We know almost everything about Tier 1 and Tier 2 special forces, but what is Tier 3? Since Operation Neptune Spear (Osama bin Laden raid), the United States has gone bonkers for US Navy SEALs and Military Special Operations Forces. Three different tiers classify units unofficially in the United States military special operations forces hierarchy.
Because there is no official US Military system that ranks the US Special Operations units in the United States by their effectiveness, missions, capabilities, training, or security level. This would include using “Tier” in such a non-existence ranking system. DoD manual on Terms does not have a Tier system for the ranking list.
The Tier system was designed by JSOC (Joint Special Operations Command). Some information suggests that Tiers are also classified by the funding they get. Tier 1 receives the most, then Tier 2, etc. However, today people associate Tier level with unit prestige and skill. Tier 1 units are more prestigious than Tier 2 or 3 units, but that’s not technically how it works.
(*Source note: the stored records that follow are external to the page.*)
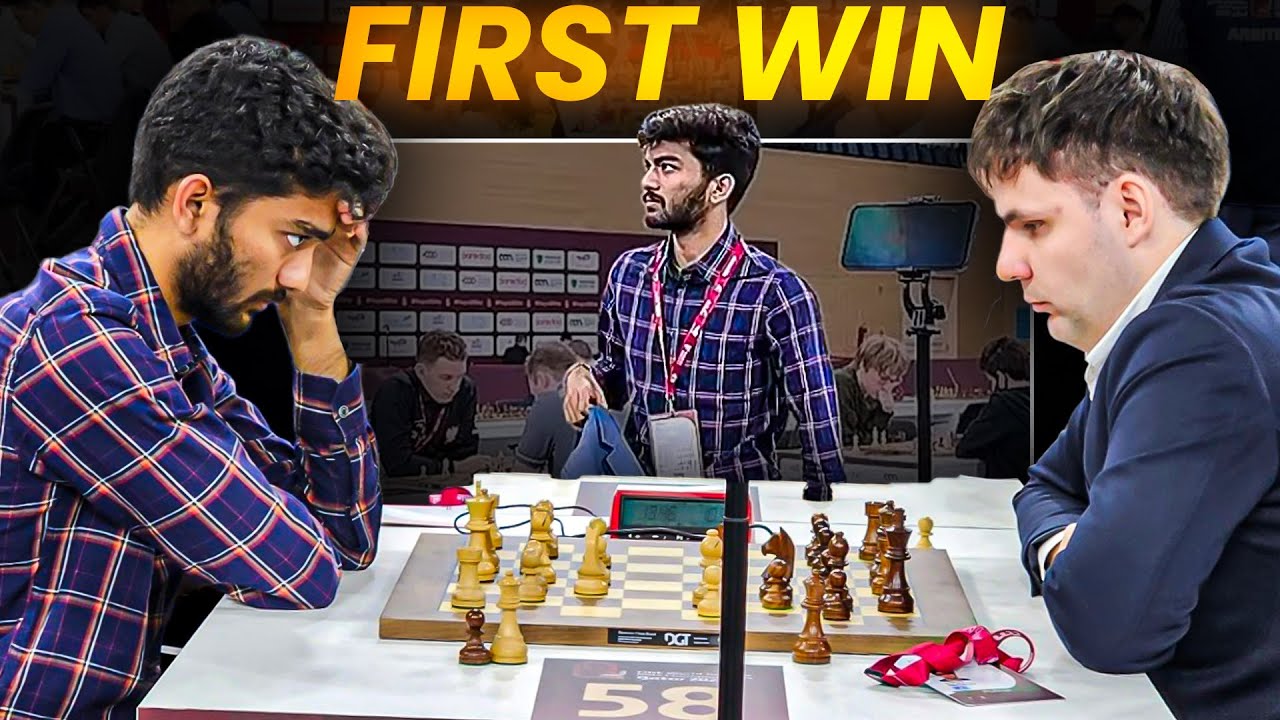 World champion Gukesh scores his first win at World Rapid 2025 🔥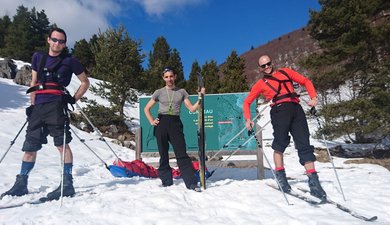 La GTV : Fred, Thomas, Christian, 2 pulkas et 1 cubi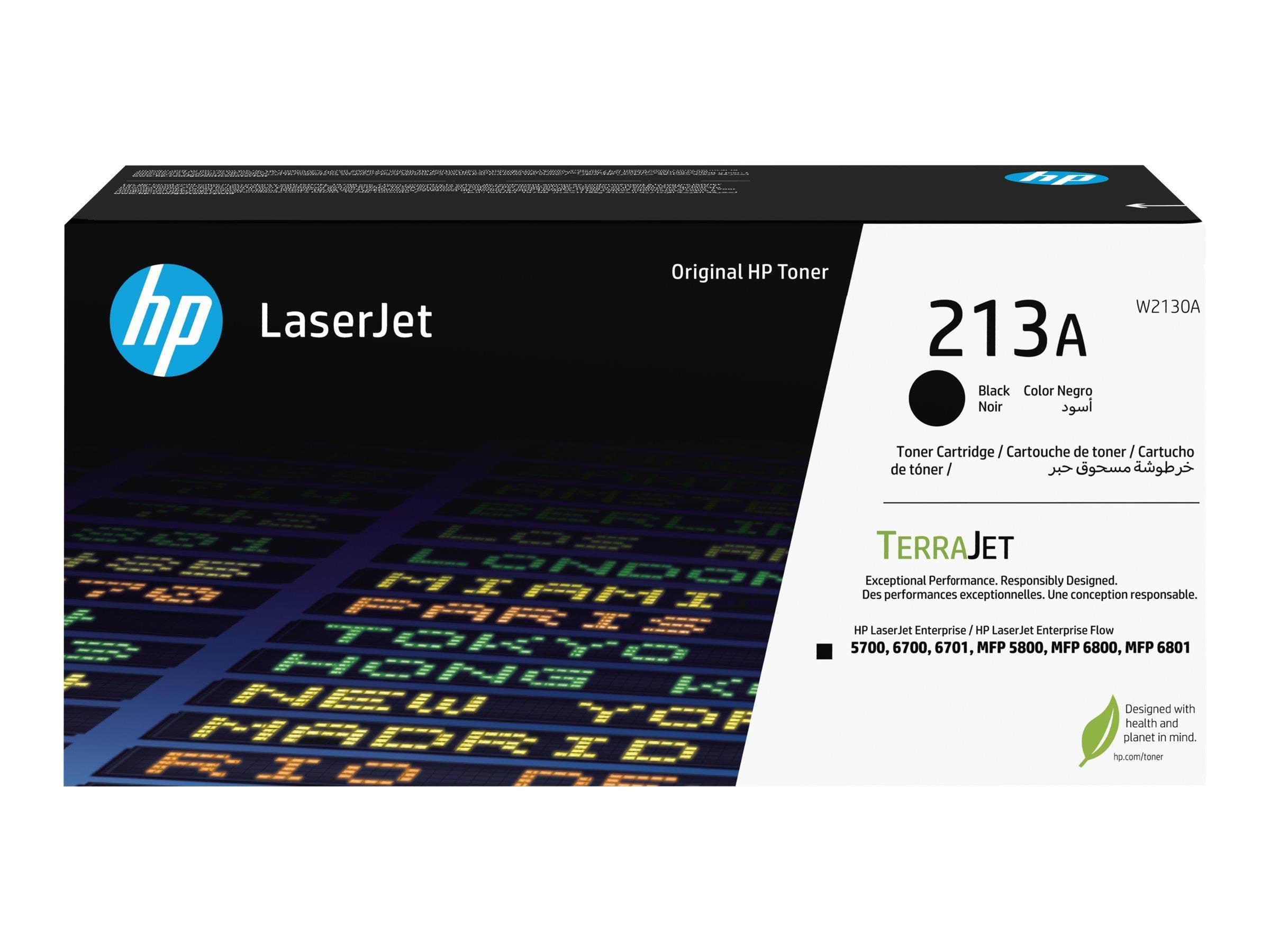 HP 213a / W2130a Black Toner - Druckerzubehoer Tinte Toner Schwarz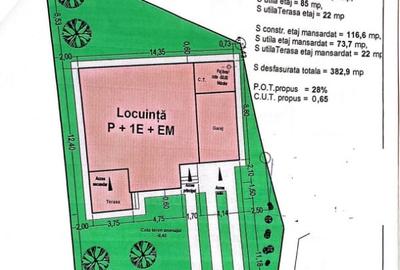 Vila Deosebita P+1+M pe Colt – 325mp Utili, Curte Amenajata 590mp | Fundeni - 24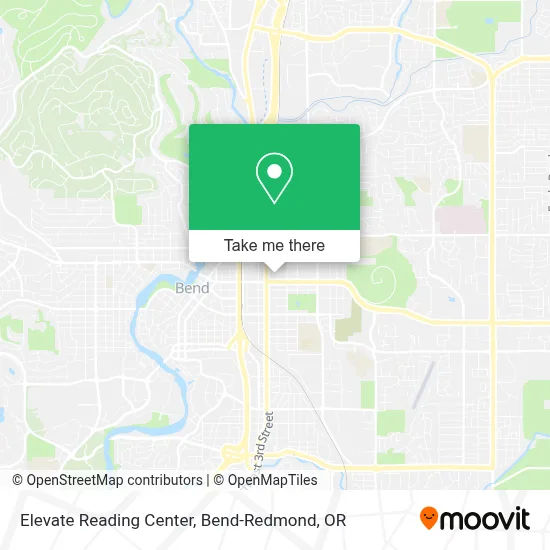 Elevate Reading Center map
Tier 3 forces are considered significant and conventional warfare units. This level has the most people and the lowest amount of funding compared to the levels below it (visually speaking). Their training also tends to be more “basic” when compared to Tier 2 and Tier 1 units.
Tier 3 units
Tier 3 can also be called “White” and comprise more prominent infantry support elements. These are not special forces units but provide broad manpower support for large-scale engagements. Some examples are:
- US Army’s 10th Mountain Division
- 82nd Airborne Division
- 101st Airborne Division
- Marine Corps Recon Battalions
- Force Recon Companies
- Navy Riverine
- Air Force 142d Fighter Wing
- 147th Reconnaissance Wing
Tier 3 is the “hammer” in the “Hammer and Scalpel” analogy.